There are so many reasons why a person may lose their hair. And if you have done an internet search to learn about hair loss, you have undoubtedly been bombarded with numerous different reasons why this is happening to you. But most cases of hair loss fall into four categories: stress, genetics, hormones, and medical conditions. Here, we take a deep dive into these scientifically proven reasons behind hair loss and how you can make changes to see improvement in your hair density.
One of the most common causes of hair loss that can affect anyone is stress. Indeed, most of us will, in fact, experience stress-induced hair loss at some point in our lives. Hair loss caused by stress is called telogen effluvium. Essentially, a surge in stress hormones, coupled with other factors related to elevated stress hormone levels like poor nutrition and lack of sleep, force more hair follicles into the resting phase of the hair growth cycle. Following the resting phase, hair sheds to make way for new growth. Because a larger number of follicles abruptly switch into telogen, people see a significant increase in the hair they shed for several weeks to months.
What you can do → Fortunately, stress-induced hair loss can be reversed, as there is no chronic or genetic cause behind this form of hair loss. Most people notice that their hair returns within six months to a year following a particularly stressful event (like surgery, a car accident, or losing a loved one). Some people who are under chronic stress may see sustained hair loss. However, as you wait for your hair to return, do what you can to reduce your stress levels overall, eat a well-balanced, nutrient-dense diet, get plenty of sleep and exercise, and take extra care of your remaining locks with healthy hair practices.
Unlike stress, there is little you can do about hair loss related to your genetics. And unfortunately, most cases of chronic hair loss come down to your DNA. The most common cause of permanent hair loss is androgenic alopecia, also known as male or female pattern hair loss. In this type of hair loss, men can experience thinning in particular areas of the head, including the hairline and crown. Women are likely to see a widening part line and thinning about their temples and ears.

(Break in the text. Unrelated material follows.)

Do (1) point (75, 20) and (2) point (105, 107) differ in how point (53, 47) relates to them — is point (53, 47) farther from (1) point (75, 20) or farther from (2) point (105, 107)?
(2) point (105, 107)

The primary cause behind androgenic alopecia is thought to be a sensitivity to DHT, a derivative of testosterone that can cause hair follicles to shrink. Eventually, the follicles shrink so much that they no longer produce hair. For this reason, one of the early signs of androgenic alopecia is hair that is particularly fine.
What you can do → The most common treatment both men and women can try is a topical medication that encourages hair growth. Minoxidil and Nanoxidil are topical solutions that can increase hair growth with few side effects. Men have an additional option in taking a medication called finasteride, but it can have a few unpleasant side effects that may make a topical solution more appealing.
Hormones are chemical messengers that the body uses to communicate between cells. When there are not enough messengers, or too many, it can deliver faulty information to the body’s organs. The hair and skin are particularly receptive to hormone fluctuations in the body, especially in women. For this reason, hormonal problems are often one of the leading causes of hair loss (and, incidentally, hair growth) in women.
One of the biggest hormone triggers for temporary hair loss in women is childbirth. Many women experience postpartum hair loss about 3-6 months following birth. This shedding is a natural side effect of the hormonal shifts during birth and may also be due in part to an increase in stress from the event itself and also from the adjustment period following delivery. Menopause is another common hormonal shift that can cause hair loss. During menopause, estrogen levels fall to where a woman no longer ovulates. In this shift, women can see a decline in their hair growth that will continue for the rest of their lives.
While there are numerous hormonal reasons a person may experience hair loss, it is important to also highlight the role that thyroid hormones can play in hair growth. Both men and women can experience hair thinning due to an unhealthy thyroid, but it is more common in women than in men. An underactive and overactive thyroid can lead to hair loss, and both conditions are treatable, so it is necessary to have your thyroid checked if you are struggling with hair loss.
What you can do → If you suspect hormones may be to blame for your hair loss, one of the best things you can do is see your doctor for a blood test. Aside from this, they can also look at any other symptoms and compare your medical history and age to see if there is indeed a hormonal component to your changing hair density. Many hormone issues (unrelated to natural causes like childbirth and menopause) can be treated with medication, so it is helpful to see a medical provider to have a health check-up.
#4 Medical Conditions
Hair loss is surprisingly related to numerous health conditions, including those related to your cardiovascular health, digestive health, and immune system. For example, diabetes, autoimmunity, nutrient malabsorption, and peripheral vascular disease can all lead to hair thinning and loss. What is more, some of the medications we take can also cause hair loss. Furthermore, mental health conditions and their subsequent treatments can also lead to hair loss. Depression, in particular, can cause you to lose some of your hair, and some medications used to treat depression m further hair loss.
What you can do → Seeing your medical provider is the first place you will want to turn if you suspect or have a medical condition that may be causing hair loss. If you have just started a new medication, that too may also cause hair loss, so it may help to consult your doctor to see if it is a temporary problem or if there is another medication alternative. If hair loss is just a part of your health condition, there are solutions you can try to encourage hair growth, including topical solutions, medications like finasteride for men, and surgical treatments.